## PROBLEM TO SOLVE
Every entry must be printed again exactly, with nothing left out.
::::::::
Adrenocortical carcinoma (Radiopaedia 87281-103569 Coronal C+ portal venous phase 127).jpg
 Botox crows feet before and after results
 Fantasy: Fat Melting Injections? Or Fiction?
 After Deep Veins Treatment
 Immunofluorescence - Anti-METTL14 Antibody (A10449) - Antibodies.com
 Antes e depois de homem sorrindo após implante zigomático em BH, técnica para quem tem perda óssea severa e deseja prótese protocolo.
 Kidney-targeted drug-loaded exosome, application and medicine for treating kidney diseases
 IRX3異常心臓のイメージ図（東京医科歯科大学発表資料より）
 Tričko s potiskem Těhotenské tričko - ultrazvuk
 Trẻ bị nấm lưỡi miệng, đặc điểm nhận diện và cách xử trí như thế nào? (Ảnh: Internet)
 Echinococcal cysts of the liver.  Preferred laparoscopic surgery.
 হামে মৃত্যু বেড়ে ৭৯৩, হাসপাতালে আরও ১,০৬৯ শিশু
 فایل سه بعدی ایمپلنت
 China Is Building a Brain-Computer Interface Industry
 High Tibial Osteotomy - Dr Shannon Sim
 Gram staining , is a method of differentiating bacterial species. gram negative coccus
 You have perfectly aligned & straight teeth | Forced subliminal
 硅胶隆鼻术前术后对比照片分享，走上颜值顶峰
::::::::
## RESPONSE AREA
Adrenocortical carcinoma (Radiopaedia 87281-103569 Coronal C+ portal venous phase 127).jpg
 Botox crows feet before and after results
 Fantasy: Fat Melting Injections? Or Fiction?
 After Deep Veins Treatment
 Immunofluorescence - Anti-METTL14 Antibody (A10449) - Antibodies.com
 Antes e depois de homem sorrindo após implante zigomático em BH, técnica para quem tem perda óssea severa e deseja prótese protocolo.
 Kidney-targeted drug-loaded exosome, application and medicine for treating kidney diseases
 IRX3異常心臓のイメージ図（東京医科歯科大学発表資料より）
 Tričko s potiskem Těhotenské tričko - ultrazvuk
 Trẻ bị nấm lưỡi miệng, đặc điểm nhận diện và cách xử trí như thế nào? (Ảnh: Internet)
 Echinococcal cysts of the liver.  Preferred laparoscopic surgery.
 হামে মৃত্যু বেড়ে ৭৯৩, হাসপাতালে আরও ১,০৬৯ শিশু
 فایل سه بعدی ایمپلنت
 China Is Building a Brain-Computer Interface Industry
 High Tibial Osteotomy - Dr Shannon Sim
 Gram staining , is a method of differentiating bacterial species. gram negative coccus
 You have perfectly aligned & straight teeth | Forced subliminal
 硅胶隆鼻术前术后对比照片分享，走上颜值顶峰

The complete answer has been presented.